Yesterday I got laid off.

I woke up, saw a weird meeting on my calendar, opened Slack, and read that my position had been affected. Notice of termination attached. The company runs on European time, so the announcement had come through at 4:30am. That meant I wasn't a part of the announcement call.

The first thing that went through my head was "I'm fucked."

What the rest of that morning looked like

22 people were cut, dropping the company by about 50%. The whole DevRel team, mostly gone.

Once I knew I wasn't the only one, it made it a bit easier to swallow and helped me not feel alone in this process. There were people in it with me, and that mattered. Before we all lost Slack access, we scrambled to stay connected. Discord channels, WhatsApp group chats, whatever we could set up fast. Most of that first day I spent talking to people and pulling together what I needed for my resume.
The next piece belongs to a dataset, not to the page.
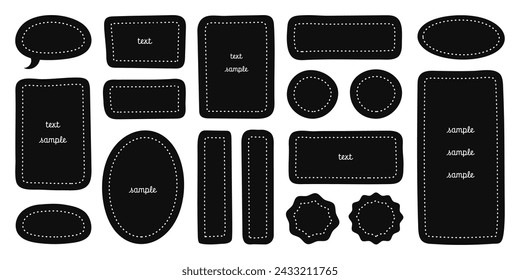 Graphic hand drawn black frames with white strokes, backgrounds for texts, backdrop stickers and labels. Vector illustration, design element set.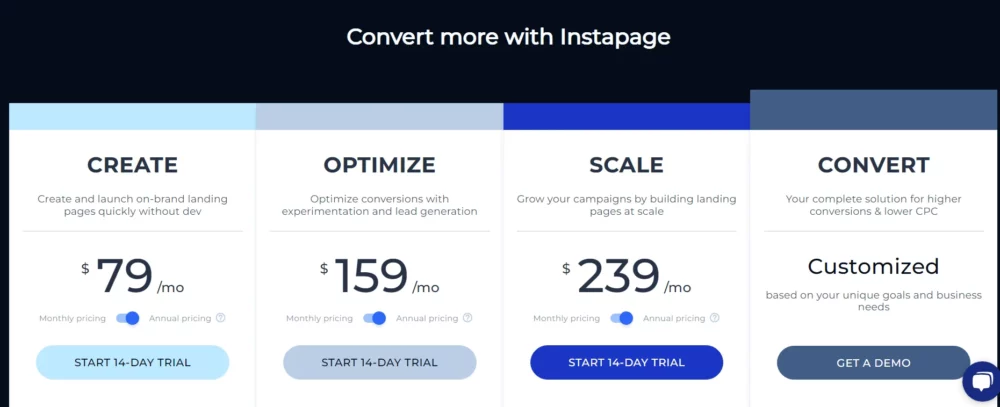 Instapage pricing updated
It helped to have something to still think about and work on.

Over the weekend and into Monday I pushed hard to get through a lot of what I had open. Tuesday morning I was laid off.

That timeline is hard to sit with. I'm pissed about it. But I also understand why it happened. This wasn't a "we want more profit" situation, but knowing that doesn't make it hurt any less, but it makes it easier to process and understand that I need to keep moving forward.

A year of actual progress

In one year I went from a no-experience intern, to a junior, to an intermediate. I was told I did good work. I was promoted because of it.

That doesn't go away because the job did. The layoff says something about the situation. It doesn't say anything about what I built or what I'm capable of.

I'm not going to pretend the "I'm fucked" feeling is gone. It's still there. I'm just pushing forward anyway, because sitting still doesn't help and will just make it harder in the future.

What's actually helping is the people. My former team, my family. The relationships I built don't expire with the contract, and I'm not treating them like they do. That support is real, and right now it matters more than I expected. We need to lean on eachother and push forward.

If this just happened to you

This is just a thing that happens.

It doesn't mean you didn't do good work. It means circumstances changed and you got caught in it. Feel the bad feeling. It's honest. Then take a breath and keep going.

Stay as positive as you can and push through it. That's what I'm doing.